Прочитал тут книгу Пратчетта "Мор - ученик Смерти" и безумно пропёрся от этого смерти Смерти. Просто очаровательный перснаж. Следущие две записи это просто огромные цитаты из книги про то, как Смерть пытается понять людей. И кого-то они мне сииильно напомнили. (На всякий случай - Смерть всегда говорит заглавными буквами.)

Итак. Цитата номер раз:



On this particular night they were scented with saltpetre, too, because it was the tenth anniversary of the accession of the Patrician and he had invited a few friends round for a drink, five hundred of them in this case, and was letting off fireworks. Laughter and the occasional gurgle of passion filled the palace gardens, and the evening had just got to that interesting stage where everyone had drunk too much for their own good but not enough actually to fall over. It is the kind of state in which one does things that one will recall with crimson shame in later life, such as blowing through a paper squeaker and laughing so much that one is sick.



In fact some two hundred of the Patrician's guests were now staggering and kicking their way through the Serpent Dance, a quaint Morporkian folkway which consisted of getting rather drunk, holding the waist of the person in front, and then wobbling and giggling uproariously in a long crocodile that wound through as many rooms as possible, preferably ones with breakables in, while kicking one leg vaguely in time with the beat, or at least in time with some other beat. This dance had gone on for half an hour and had wound through every room in the palace, picking up two trolls, the cook, the Patrician's head torturer, three waiters, a burglar who happened to be passing and a small pet swamp dragon.



Somewhere around the middle of the dance was fat Lord Rodley of Quirm, heir to the fabulous Quirm estates, whose current preoccupation was with the thin fingers gripping his waist. Under its bath of alcohol his brain kept trying to attract his attention.



'I say,' he called over his shoulder, as they oscillated for the tenth hilarious time through the enormous kitchen, 'not so tight, please.'



I AM MOST TERRIBLY SORRY.



'No offence, old chap.

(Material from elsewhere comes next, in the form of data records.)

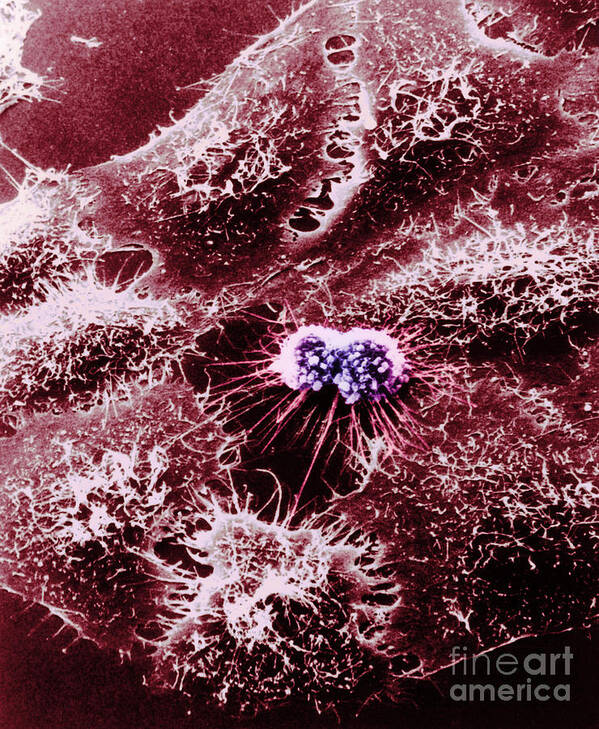 Adenovirus Art Print featuring the photograph Hela Cells With Adenovirus #2 by Science Source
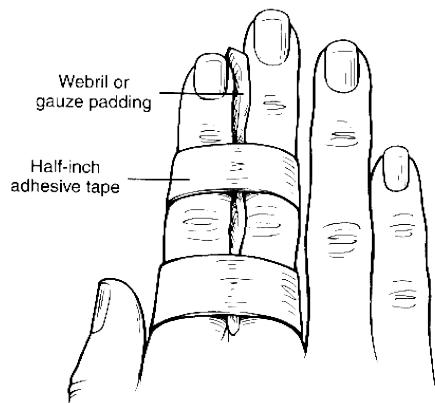 _page_114_Picture_5.jpeg|286x265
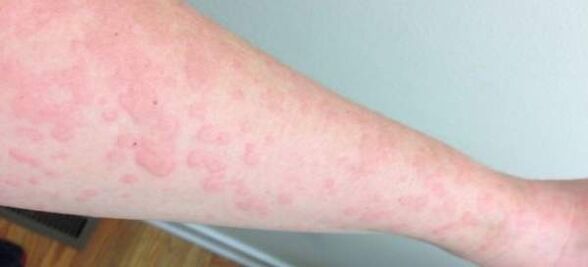 Alergie skórne są oznaką obecności pasożytów w organizmie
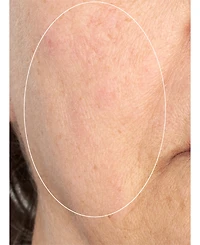 Perricone Md Hp Intensive Smoothing Serum, 2.0 oz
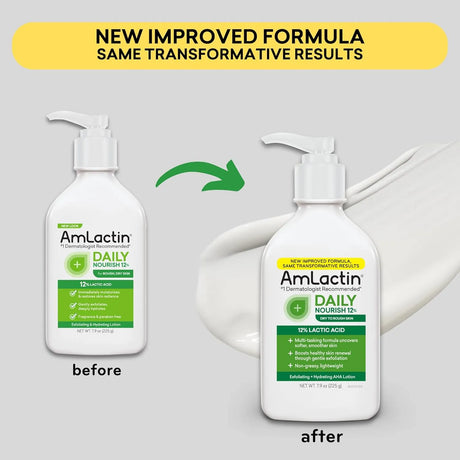 AmLactin Daily Nourish 12% Lactic Acid - Kenya
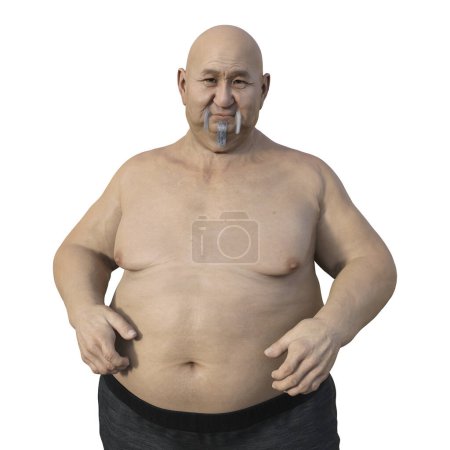 Téléchargez les photos : Illustration scientifique 3D d'un homme asiatique âgé et en surpoids, mettant en évidence la partie supérieure de son corps et soulignant les implications de l'obésité sur la santé. - en image libre de droit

Do I know you?' said Lord Rodley, kicking vigorously on the back beat.



I THINK IT UNLIKELY. TELL ME, PLEASE, WHAT IS THE MEANING OF THIS ACTIVITY?



'What?' shouted Lord Rodley, above the sound of someone kicking in the door of a glass cabinet amid shrieks of merriment.



WHAT is THIS THING THAT WE DO? said the voice, with glacial patience.



'Haven't you been to a party before? Mind the glass, by the way.'



I AM AFRAID I DO NOT GET OUT AS MUCH AS I WOULD LIKE TO. PLEASE EXPLAIN THIS. DOES IT HAVE TO DO WITH SEX?



'Not unless we pull up sharp, old boy, if you know what I mean?' said his lordship, and nudged his unseen fellow guest with his elbow.



'Ouch,' he said. A crash up ahead marked the demise of the cold buffet.



NO.



'What?'



I DO NOT KNOW WHAT YOU MEAN.



'Mind the cream there, it's slippery – look, it's just a dance, all right? You do it for fun.'



FUN.



'That's right. Dada, dada, da – kick!' There was an audible pause.



WHO IS THIS FUN?



'No, fun isn't anybody, fun is what you have.'



WE ARE HAVING FUN?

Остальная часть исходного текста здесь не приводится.